→ Task brief: Each entry should be written out once more, exactly as given below.

Collected data entries
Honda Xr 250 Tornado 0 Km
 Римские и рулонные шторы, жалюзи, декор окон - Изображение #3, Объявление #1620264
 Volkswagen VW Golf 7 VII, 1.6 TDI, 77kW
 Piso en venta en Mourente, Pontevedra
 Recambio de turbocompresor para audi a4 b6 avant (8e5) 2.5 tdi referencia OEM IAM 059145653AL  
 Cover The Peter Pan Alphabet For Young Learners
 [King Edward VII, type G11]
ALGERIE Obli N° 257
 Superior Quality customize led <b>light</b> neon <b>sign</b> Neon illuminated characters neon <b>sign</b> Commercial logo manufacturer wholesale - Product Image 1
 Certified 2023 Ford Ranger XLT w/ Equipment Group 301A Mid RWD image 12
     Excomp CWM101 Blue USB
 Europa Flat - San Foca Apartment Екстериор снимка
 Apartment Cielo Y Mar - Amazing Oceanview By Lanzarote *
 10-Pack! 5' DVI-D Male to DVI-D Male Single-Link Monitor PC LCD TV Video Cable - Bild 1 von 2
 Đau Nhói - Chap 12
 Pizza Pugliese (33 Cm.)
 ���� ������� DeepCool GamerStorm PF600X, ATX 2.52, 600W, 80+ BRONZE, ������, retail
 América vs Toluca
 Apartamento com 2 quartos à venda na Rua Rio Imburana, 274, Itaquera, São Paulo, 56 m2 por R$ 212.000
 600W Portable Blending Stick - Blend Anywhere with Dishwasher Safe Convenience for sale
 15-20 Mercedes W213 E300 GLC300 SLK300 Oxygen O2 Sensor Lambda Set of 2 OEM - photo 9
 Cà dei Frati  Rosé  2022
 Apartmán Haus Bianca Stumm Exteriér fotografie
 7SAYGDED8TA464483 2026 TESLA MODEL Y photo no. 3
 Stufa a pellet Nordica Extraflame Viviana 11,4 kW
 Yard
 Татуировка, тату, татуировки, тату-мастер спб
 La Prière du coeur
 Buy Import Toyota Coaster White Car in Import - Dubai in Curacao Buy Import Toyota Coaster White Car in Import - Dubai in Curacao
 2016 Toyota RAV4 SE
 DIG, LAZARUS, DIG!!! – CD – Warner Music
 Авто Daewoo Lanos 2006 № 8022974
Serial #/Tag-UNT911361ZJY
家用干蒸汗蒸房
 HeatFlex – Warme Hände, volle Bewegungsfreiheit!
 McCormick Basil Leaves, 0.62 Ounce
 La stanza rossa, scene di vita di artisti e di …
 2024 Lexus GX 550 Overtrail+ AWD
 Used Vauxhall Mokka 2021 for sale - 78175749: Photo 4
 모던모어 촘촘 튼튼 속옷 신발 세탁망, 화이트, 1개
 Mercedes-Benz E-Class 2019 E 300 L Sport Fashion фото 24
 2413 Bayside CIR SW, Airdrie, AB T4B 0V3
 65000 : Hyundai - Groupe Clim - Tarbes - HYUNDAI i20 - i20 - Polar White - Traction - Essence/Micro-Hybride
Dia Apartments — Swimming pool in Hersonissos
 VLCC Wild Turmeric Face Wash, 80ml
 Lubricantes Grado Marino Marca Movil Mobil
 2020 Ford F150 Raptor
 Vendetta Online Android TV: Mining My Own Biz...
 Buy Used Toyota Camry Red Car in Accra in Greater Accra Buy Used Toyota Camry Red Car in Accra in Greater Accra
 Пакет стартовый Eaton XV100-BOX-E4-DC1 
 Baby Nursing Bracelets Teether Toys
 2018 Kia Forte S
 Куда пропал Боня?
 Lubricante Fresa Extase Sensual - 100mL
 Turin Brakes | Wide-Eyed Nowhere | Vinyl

→ Response for this exercise:
Honda Xr 250 Tornado 0 Km
 Римские и рулонные шторы, жалюзи, декор окон - Изображение #3, Объявление #1620264
 Volkswagen VW Golf 7 VII, 1.6 TDI, 77kW
 Piso en venta en Mourente, Pontevedra
 Recambio de turbocompresor para audi a4 b6 avant (8e5) 2.5 tdi referencia OEM IAM 059145653AL  
 Cover The Peter Pan Alphabet For Young Learners
 [King Edward VII, type G11]
ALGERIE Obli N° 257
 Superior Quality customize led <b>light</b> neon <b>sign</b> Neon illuminated characters neon <b>sign</b> Commercial logo manufacturer wholesale - Product Image 1
 Certified 2023 Ford Ranger XLT w/ Equipment Group 301A Mid RWD image 12
     Excomp CWM101 Blue USB
 Europa Flat - San Foca Apartment Екстериор снимка
 Apartment Cielo Y Mar - Amazing Oceanview By Lanzarote *
 10-Pack! 5' DVI-D Male to DVI-D Male Single-Link Monitor PC LCD TV Video Cable - Bild 1 von 2
 Đau Nhói - Chap 12
 Pizza Pugliese (33 Cm.)
 ���� ������� DeepCool GamerStorm PF600X, ATX 2.52, 600W, 80+ BRONZE, ������, retail
 América vs Toluca
 Apartamento com 2 quartos à venda na Rua Rio Imburana, 274, Itaquera, São Paulo, 56 m2 por R$ 212.000
 600W Portable Blending Stick - Blend Anywhere with Dishwasher Safe Convenience for sale
 15-20 Mercedes W213 E300 GLC300 SLK300 Oxygen O2 Sensor Lambda Set of 2 OEM - photo 9
 Cà dei Frati  Rosé  2022
 Apartmán Haus Bianca Stumm Exteriér fotografie
 7SAYGDED8TA464483 2026 TESLA MODEL Y photo no. 3
 Stufa a pellet Nordica Extraflame Viviana 11,4 kW
 Yard
 Татуировка, тату, татуировки, тату-мастер спб
 La Prière du coeur
 Buy Import Toyota Coaster White Car in Import - Dubai in Curacao Buy Import Toyota Coaster White Car in Import - Dubai in Curacao
 2016 Toyota RAV4 SE
 DIG, LAZARUS, DIG!!! – CD – Warner Music
 Авто Daewoo Lanos 2006 № 8022974
Serial #/Tag-UNT911361ZJY
家用干蒸汗蒸房
 HeatFlex – Warme Hände, volle Bewegungsfreiheit!
 McCormick Basil Leaves, 0.62 Ounce
 La stanza rossa, scene di vita di artisti e di …
 2024 Lexus GX 550 Overtrail+ AWD
 Used Vauxhall Mokka 2021 for sale - 78175749: Photo 4
 모던모어 촘촘 튼튼 속옷 신발 세탁망, 화이트, 1개
 Mercedes-Benz E-Class 2019 E 300 L Sport Fashion фото 24
 2413 Bayside CIR SW, Airdrie, AB T4B 0V3
 65000 : Hyundai - Groupe Clim - Tarbes - HYUNDAI i20 - i20 - Polar White - Traction - Essence/Micro-Hybride
Dia Apartments — Swimming pool in Hersonissos
 VLCC Wild Turmeric Face Wash, 80ml
 Lubricantes Grado Marino Marca Movil Mobil
 2020 Ford F150 Raptor
 Vendetta Online Android TV: Mining My Own Biz...
 Buy Used Toyota Camry Red Car in Accra in Greater Accra Buy Used Toyota Camry Red Car in Accra in Greater Accra
 Пакет стартовый Eaton XV100-BOX-E4-DC1 
 Baby Nursing Bracelets Teether Toys
 2018 Kia Forte S
 Куда пропал Боня?
 Lubricante Fresa Extase Sensual - 100mL
 Turin Brakes | Wide-Eyed Nowhere | Vinyl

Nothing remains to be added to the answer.